A Lyon, les prisons St-Joseph et St-Paul, qui étaient situées le long du Rhône près de la gare Perrache, ont fermé. En 2009, le Préfet avait refusé de classer les bâtiments, d’où des protestations. Puis la Mairie, qui ne voulait pas conserver ces bâtiments a approuvé le projet « confluence » au bénéfice de l’enseignement supérieur catholique. Le groupement qui a emporté le (gros) morceau est en effet composé de Dentressengle Initiatives (33 000 collaborateurs et beaucoup de camions), l’OGIC (aménageur et constructeur filiale de Dentressengle via la SOFADE), Habitat et humanisme (dirigé par un professionnel de l’immobilier devenu prêtre), l’OPAC du Rhône (que fait un organisme public de logement dans cette opération ?), Pôles et Développement (qui s’occupe de promotion et d’aménagement immobiliers) et bien sûr l’Université Catholique de Lyon (UCLy) fondée en 1875.
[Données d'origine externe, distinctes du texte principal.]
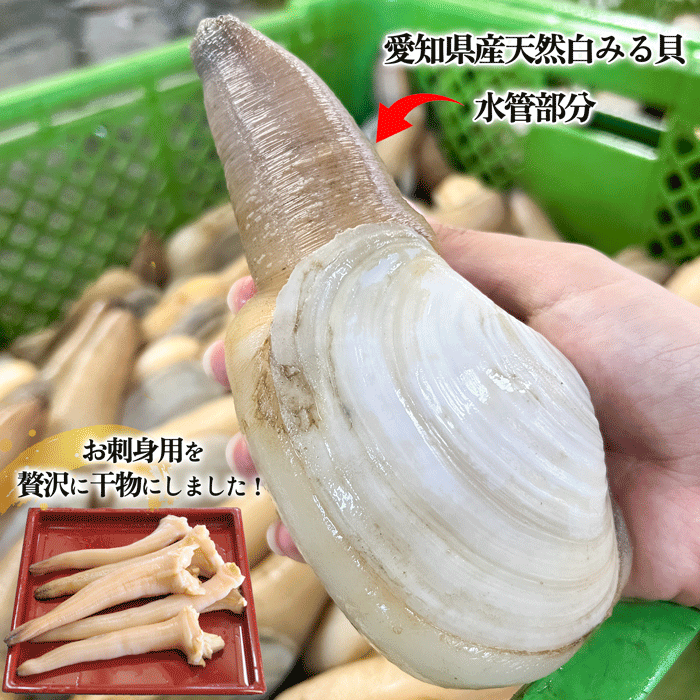 (大変希少)白みる貝の干物(水管部分)　愛知県産 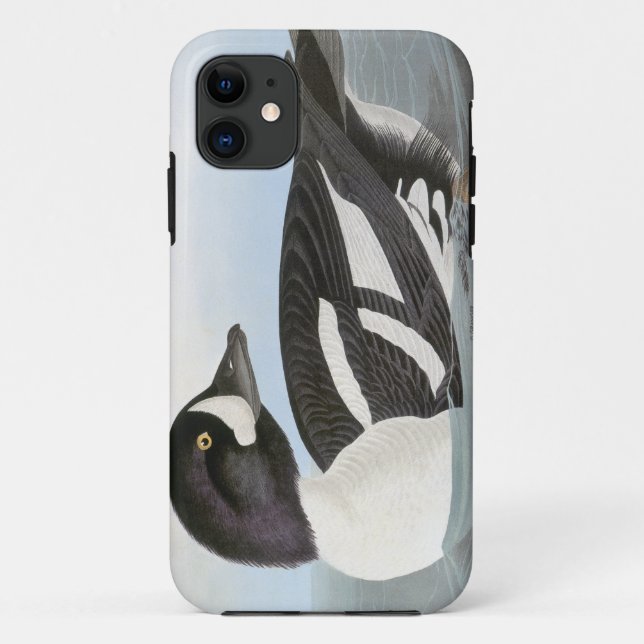 Audubon: Barrow's Goldeneye Case-Mate iPhone Case (Back)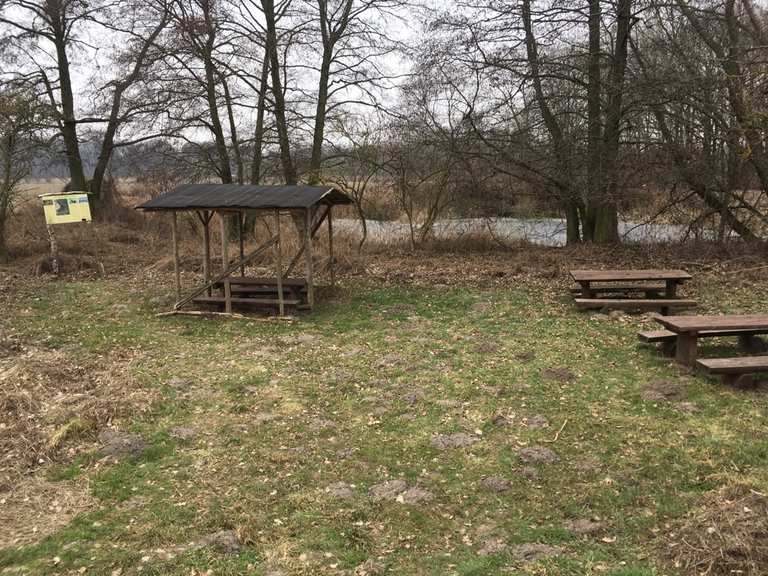 Löwenzahnpfad im NSG Schönerlinder Teiche Wanderungen und Rundwege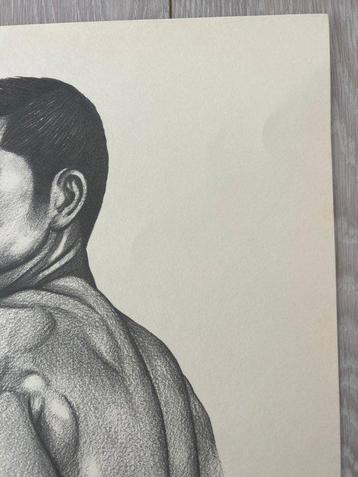 From Mishima G gash Wakamono   (Mishima Go Book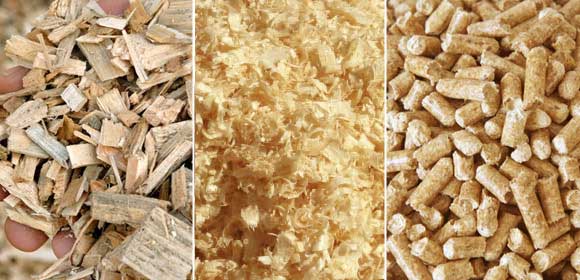 Use-Wood-Shavings-or-Sawdust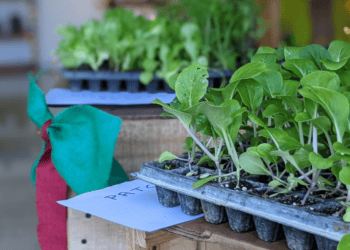 Eco-Friendly Christmas Pop-Up Shop Seeks To Change Gift Culture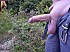 dans-les-bois-545415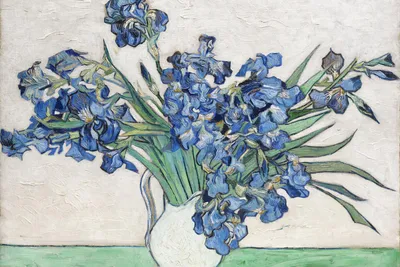 Image de Affiche 60 x 40 cm Iris 2, Van Gogh Vintage pour le salon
Le projet St Paul de campus pour 7000 étudiants s’étendra sur 35 000 mètres carrés sur un site idéalement situé, pour une dépense de 65 millions €. Alain Mérieux (de l’Institut Mérieux) préside la campagne de ratissage des dons aux côtés du gratin des patrons et banquiers de la région : 10 millions € sont attendus, défiscalisés à 60% ! Les participations financières publiques n’apparaissent pas mais existent sans doute... L’UCLy comprendra 5 facultés, 6 écoles supérieures, des instituts, et délivrera des masters en nombre. Ce projet se doublera d’un ensemble immobilier (l’îlot St Joseph) de logements, bureaux et jardins…

Tandis que les locaux des universités lyonnaises sont souvent délabrés, l’argent et les soutiens patronaux, financiers et politiques abondent pour cette université catholique privée.